Speech to the World Health Assembly
Dr Margaret Chan, Director-General Elect
This is a moment of great personal honour for me, but also one of deep responsibility. I do not take this responsibility lightly. I have always been proud to work in health, and especially proud to work for WHO. Now I will take pride in a position of leadership that has a direct impact on the health of humanity.
That is the power of this Organization, its true greatness. The work we do together saves lives and relieves suffering. I will work with you tirelessly to make this world a healthier place.
As I said yesterday, this is also a moment of reflection and respect. We are all here because of the untimely death of Dr LEE Jong-wook. We are also all here because of many millions of untimely deaths. I know Dr Lee would have wanted me to make this point. He will always be remembered for his 3X5 initiative. That was all about preventing untimely deaths on the grandest scale possible.
I am proud to work for WHO because it is an organization that is increasingly recognized for what it does, as well as what is says.
This is an organization that measures its achievements in terms of good work, good results – and not numbers of reports or meetings. An organization that is opening itself up to the scrutiny of member states as never before. An organization that is committed to technical excellence. This legacy was created by the work of Dr Lee and his predecessors.
And I would like to recognize in the audience our Emeritus Director-General, Dr Mahler.
I am firmly committed to taking this legacy forward.
Members of the Executive Board have heard my vision for WHO. Others have not.
In the next few minutes, I want to communicate this vision of what I believe we need to do, our greatest strengths in undertaking these activities, and our greatest challenges. The challenges are especially important. It is in these areas where the adequacy of our performance must be measured.
I have great optimism for the future. But I have worked in public health for 30 years. I have no illusions. Our success in giving health a central place on the development agenda has opened new opportunities, but has also made our work more complex. We have made great strides in some areas, but seem to be standing still in others.
As a world, we face global as well as local threats to health. Infectious diseases have staged a dramatic comeback. HIV, Ebola, SARS, and avian influenza will not be the last bad surprises delivered by the ever-changing microbial world.
In leading WHO, I will – like all my predecessors – need to manage three main sets of issues: technical, administrative, and political.
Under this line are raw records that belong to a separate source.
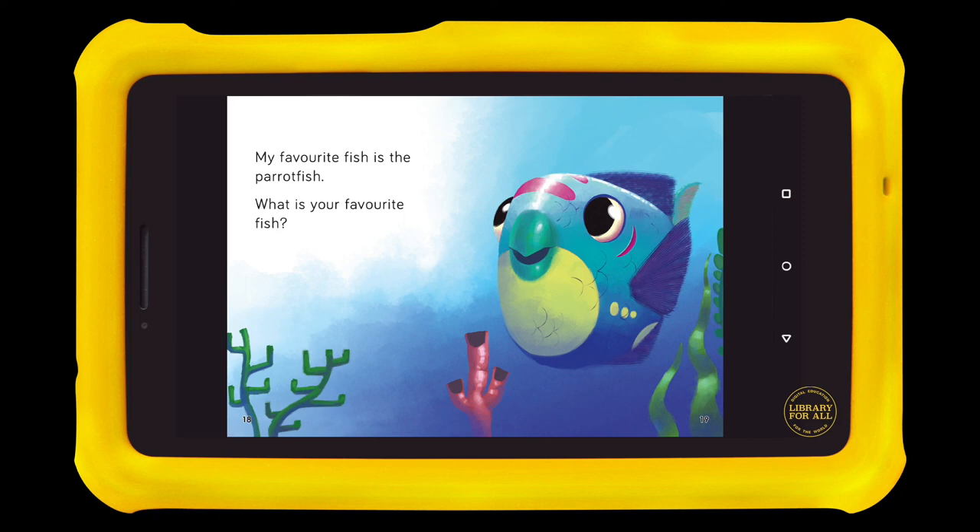My favourite fish is the parrotfish. What is your favourite fish?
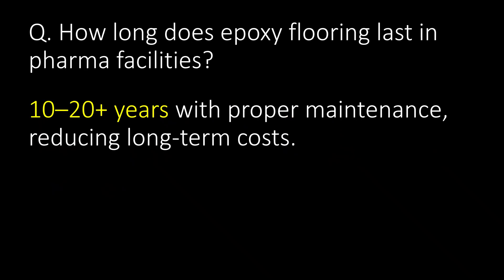How long does epoxy flooring last in pharma facilities? About 10 to 20-plus years with proper maintenance, reducing long-term cost.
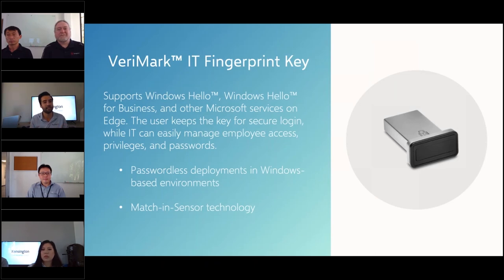With FIDO2 now built into the platform, having an external device and it built into the platform simultaneously is somewhat redundant. That's another reason the VeriMark IT is not doing FIDO separately — it's built into the Windows Hello infrastructure now, whereas it was not before in earlier times.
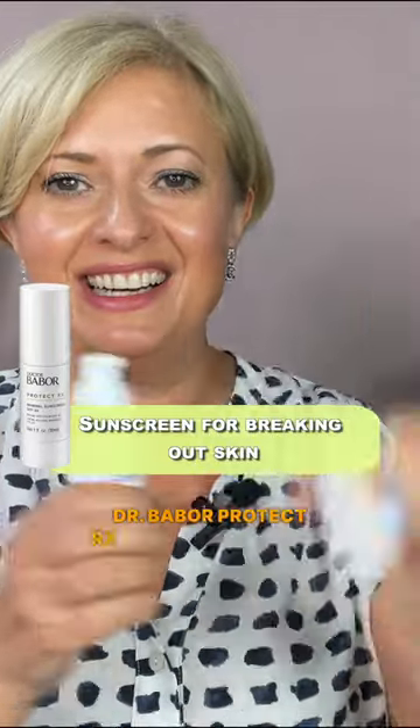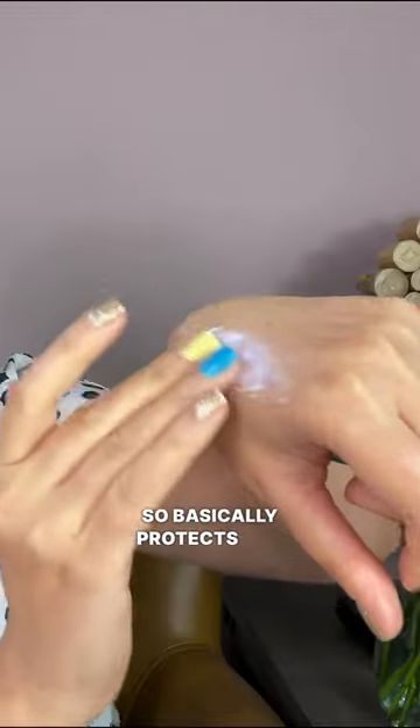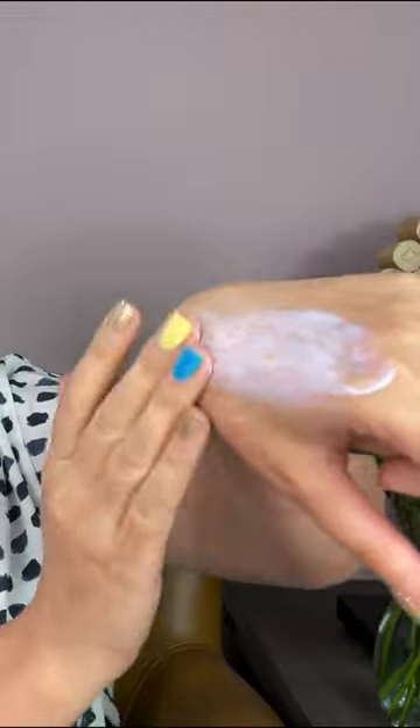Dr. Bobboa Protect Rx Mineral Sunscreen. Why do I like this? It's because it's mineral, so it basically protects you from UVA and UVB light. This particular formulation is quickly absorbed into the skin and comfortable to be worn by itself or under makeup.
In doing so I will leave my personal stamp. It is this: I am determined to attain results for health.
I am sure we have the power to do so. But we need to be smart in our planning and priority setting, and street-wise in our actions. Health is not an abstract issue at global and national levels, but a concrete reality that touches individuals, households and communities.
So let me be clear about the results that matter most. Reducing the burden of disease is important. Improving the strength of health systems is important. Reducing the threat of risk factors for disease is important.
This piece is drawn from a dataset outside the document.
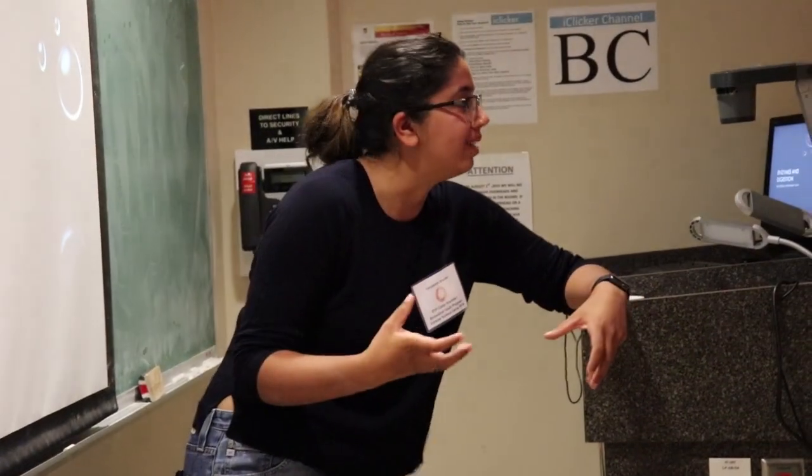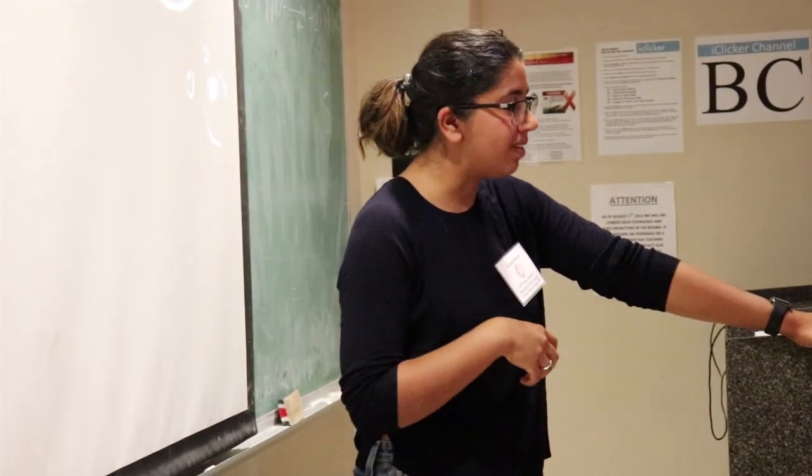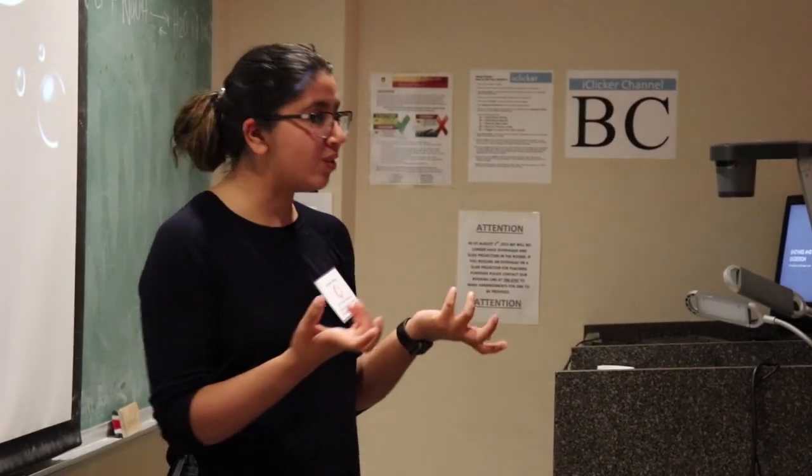What you're going to learn is actually what happens when the food goes from your mouth down to your stomach, and then what actually happens and how you actually get your nutrients out of your food.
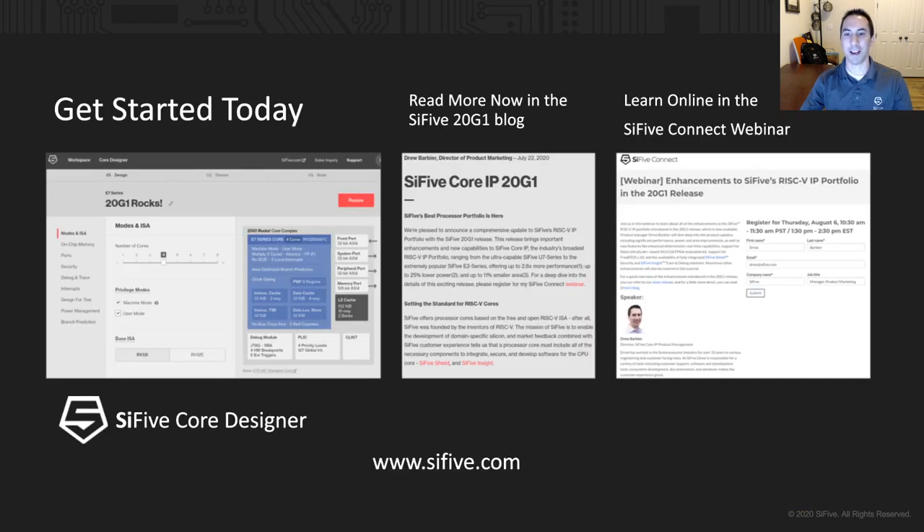Get started today by visiting our website at www.scifive.com and click the Start Design button to begin an evaluation. We'll have links below to my 20G1 blog, as well as to my upcoming 20G1 webinar, where I go into detail on everything new.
These are all vital. But what matters most to me is people. And two specific groups of people in particular. I want us to be judged by the impact we have on the health of the people of Africa, and the health of women.
All regions, all countries, all people are equally important. This is a health organization for the whole world. Our work must touch on the lives of everyone, everywhere. But we must focus our attention on the people in greatest need.
The people of Africa carry an enormous and disproportionate burden of ill health and premature death. The health of the people of Africa must therefore be the key indicator of the performance of WHO.
The health of women must be the other key indicator – and I do not mean just maternal health. Women do much more than have babies. Unfortunately, their activities in households and communities, coupled with their low status, make them especially vulnerable to health problems – from indoor air pollution and multiple infectious diseases to violence.
Yet evidence from many sources also shows that women are agents of change – for families, the workforce, and entire communities. The health of children largely depends on the health of women. As mothers, as sisters, as aunts and as grandmothers in the home. As carers, as teachers and as health workers in the community. And I have been all of these - except a grandmother!
Reducing health problems in women and empowering them will result in a dramatic increase in health-promoting behaviours – right where it counts most.
People matter most. I believe that is why the WHO Constitution begins with such a clear statement – “the enjoyment of the highest attainable standard of health is one of the fundamental rights of every human being”.
It is also why the Constitution emphasizes the links between health, happiness, harmonious relations and security.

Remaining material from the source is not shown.